Estimating the Single-Element Concentration of Intercalated Insulators for the Emergence of Superconductivity

[Image: see text] To predict whether a compound will superconduct and to predict its transition temperature T(c) prior to measurement have always been desires of the materials science community. Matthias was first to report the necessary conditions for the occurrence of superconductivity in elements, compounds, and alloys in terms of density (valence electrons per atom). This current report is motivated by somewhat similar empirical observations concerning the importance of valence electrons per unit cell; more specifically, dopant valence electrons per unit cell within intercalated insulators.
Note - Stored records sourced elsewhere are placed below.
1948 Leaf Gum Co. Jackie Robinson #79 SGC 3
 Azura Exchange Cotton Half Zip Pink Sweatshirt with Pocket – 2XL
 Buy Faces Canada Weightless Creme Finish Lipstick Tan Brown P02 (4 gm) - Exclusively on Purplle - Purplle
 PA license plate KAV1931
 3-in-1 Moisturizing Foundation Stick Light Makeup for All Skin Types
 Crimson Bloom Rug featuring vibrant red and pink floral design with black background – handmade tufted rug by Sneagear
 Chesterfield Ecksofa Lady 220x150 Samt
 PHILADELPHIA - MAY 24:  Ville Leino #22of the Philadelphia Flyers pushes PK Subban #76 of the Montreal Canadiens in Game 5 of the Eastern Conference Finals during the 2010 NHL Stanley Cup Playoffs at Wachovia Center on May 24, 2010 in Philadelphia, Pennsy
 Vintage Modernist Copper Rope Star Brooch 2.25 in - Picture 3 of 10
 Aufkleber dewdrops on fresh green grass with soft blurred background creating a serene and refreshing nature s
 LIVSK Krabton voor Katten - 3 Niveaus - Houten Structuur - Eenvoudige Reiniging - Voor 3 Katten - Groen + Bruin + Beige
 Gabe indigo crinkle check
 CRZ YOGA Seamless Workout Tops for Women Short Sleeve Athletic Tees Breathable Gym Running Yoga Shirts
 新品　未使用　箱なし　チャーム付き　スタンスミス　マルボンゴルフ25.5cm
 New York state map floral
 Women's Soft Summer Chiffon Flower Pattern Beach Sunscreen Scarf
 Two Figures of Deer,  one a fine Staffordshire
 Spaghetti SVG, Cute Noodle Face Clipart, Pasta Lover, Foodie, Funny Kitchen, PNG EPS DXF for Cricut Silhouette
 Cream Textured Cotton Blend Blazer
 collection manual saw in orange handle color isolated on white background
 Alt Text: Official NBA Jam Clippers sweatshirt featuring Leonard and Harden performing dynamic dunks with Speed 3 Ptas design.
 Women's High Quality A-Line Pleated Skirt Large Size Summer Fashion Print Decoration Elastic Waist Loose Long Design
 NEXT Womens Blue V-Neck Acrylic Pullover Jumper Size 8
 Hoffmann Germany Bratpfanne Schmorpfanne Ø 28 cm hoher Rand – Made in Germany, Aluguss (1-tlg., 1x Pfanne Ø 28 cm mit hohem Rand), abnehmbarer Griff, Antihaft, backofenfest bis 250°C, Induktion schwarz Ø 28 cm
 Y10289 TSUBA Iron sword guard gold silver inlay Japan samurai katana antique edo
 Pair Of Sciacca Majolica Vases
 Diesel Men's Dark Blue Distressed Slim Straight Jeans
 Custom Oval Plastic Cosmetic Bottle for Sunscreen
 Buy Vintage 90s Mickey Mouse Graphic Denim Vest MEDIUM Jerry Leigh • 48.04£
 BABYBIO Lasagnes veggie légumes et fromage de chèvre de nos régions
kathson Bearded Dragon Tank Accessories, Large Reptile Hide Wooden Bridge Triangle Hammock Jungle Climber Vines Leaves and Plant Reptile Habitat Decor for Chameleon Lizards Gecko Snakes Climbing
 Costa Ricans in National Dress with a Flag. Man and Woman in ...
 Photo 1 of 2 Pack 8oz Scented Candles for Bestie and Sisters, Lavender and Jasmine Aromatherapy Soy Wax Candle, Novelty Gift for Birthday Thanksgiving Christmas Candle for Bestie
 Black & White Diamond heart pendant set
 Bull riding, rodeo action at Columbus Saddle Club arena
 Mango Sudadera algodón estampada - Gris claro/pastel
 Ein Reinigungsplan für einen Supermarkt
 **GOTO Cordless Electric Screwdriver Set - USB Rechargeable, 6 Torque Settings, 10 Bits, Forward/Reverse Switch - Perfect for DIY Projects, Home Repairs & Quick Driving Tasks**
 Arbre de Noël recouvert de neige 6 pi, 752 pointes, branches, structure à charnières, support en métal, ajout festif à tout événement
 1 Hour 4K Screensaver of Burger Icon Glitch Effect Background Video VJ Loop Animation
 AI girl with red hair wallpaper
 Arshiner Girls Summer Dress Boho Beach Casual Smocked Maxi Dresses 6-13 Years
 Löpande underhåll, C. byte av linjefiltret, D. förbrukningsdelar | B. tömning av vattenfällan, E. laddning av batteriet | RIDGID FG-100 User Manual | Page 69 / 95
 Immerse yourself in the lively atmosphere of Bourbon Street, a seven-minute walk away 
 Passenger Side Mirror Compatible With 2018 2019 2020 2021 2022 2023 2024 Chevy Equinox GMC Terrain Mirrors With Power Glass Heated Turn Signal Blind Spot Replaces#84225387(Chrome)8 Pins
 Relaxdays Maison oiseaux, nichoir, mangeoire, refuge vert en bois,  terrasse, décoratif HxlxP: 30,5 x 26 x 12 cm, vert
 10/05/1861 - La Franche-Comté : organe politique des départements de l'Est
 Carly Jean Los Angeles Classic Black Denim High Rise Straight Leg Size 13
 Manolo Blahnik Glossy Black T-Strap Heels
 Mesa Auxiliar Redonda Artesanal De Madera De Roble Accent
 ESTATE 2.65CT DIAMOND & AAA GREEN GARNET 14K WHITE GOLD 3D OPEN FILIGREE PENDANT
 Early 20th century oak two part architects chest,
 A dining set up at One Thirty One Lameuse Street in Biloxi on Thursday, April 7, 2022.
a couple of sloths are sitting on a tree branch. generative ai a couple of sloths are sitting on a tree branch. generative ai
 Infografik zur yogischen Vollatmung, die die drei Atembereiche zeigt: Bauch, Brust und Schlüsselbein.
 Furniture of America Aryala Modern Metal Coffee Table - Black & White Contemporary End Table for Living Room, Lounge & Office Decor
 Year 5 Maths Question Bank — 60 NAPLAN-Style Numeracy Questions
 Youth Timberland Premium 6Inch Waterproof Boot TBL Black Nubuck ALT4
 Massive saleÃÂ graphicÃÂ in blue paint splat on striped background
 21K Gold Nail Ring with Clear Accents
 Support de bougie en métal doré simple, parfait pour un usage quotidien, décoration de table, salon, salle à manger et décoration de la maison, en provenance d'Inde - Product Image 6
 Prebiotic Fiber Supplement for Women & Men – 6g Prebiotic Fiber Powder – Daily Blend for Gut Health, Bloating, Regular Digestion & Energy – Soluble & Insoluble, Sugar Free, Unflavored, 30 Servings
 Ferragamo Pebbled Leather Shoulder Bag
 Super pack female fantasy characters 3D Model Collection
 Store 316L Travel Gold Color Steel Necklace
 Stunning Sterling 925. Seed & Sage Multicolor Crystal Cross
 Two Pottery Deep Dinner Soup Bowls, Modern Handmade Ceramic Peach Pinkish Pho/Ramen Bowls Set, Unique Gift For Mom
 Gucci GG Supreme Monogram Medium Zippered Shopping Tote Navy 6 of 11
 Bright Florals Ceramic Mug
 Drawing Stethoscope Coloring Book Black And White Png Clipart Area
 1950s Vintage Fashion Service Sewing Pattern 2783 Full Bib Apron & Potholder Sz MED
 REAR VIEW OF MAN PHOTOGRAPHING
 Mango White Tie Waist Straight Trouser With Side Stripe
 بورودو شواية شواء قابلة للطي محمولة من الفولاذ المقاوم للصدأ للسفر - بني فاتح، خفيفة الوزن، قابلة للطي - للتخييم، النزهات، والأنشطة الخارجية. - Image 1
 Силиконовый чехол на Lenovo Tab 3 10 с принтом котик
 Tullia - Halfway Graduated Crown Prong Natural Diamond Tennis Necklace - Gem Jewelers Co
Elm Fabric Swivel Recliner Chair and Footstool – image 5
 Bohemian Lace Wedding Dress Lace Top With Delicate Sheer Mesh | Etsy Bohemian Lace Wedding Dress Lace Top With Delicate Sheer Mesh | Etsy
In this article, though not exhaustive, a representative list of 40 superconductors will be used to show that the onset of superconductivity (insulator–superconductor boundary) within intercalated insulators can easily be modeled, almost exactly, by the ideal gas law equation. Given this observation, in contrast to Matthias, interactions are semiclassically accounted for to ultimately determine the single-element onset concentration needed to bring about superconductivity within many intercalated insulators known to date. The 13 compounds which were previously intercalated and will be discussed include inorganics, TiSe(2), C(60), YBa(2)Cu(3)O(6), IrTe(2), Bi(2)Se(3), MoS(2), ZrNCl, HfNCl, BP (black phosphorus), HoTe(3), and Y(2)Te(5), and organics, C(22)H(14) and C(14)H(10). In essence, the overall objective of this report is to offer a slightly different viewpoint on superconductivity, led by empirical observations, which seemingly leads to predictable experimental outcomes. If newly discovered materials further validate this approach to intercalated superconductors, with minor refinements, a route to purposefully designing superconductors may be accessible through onset conditions outlined in this article.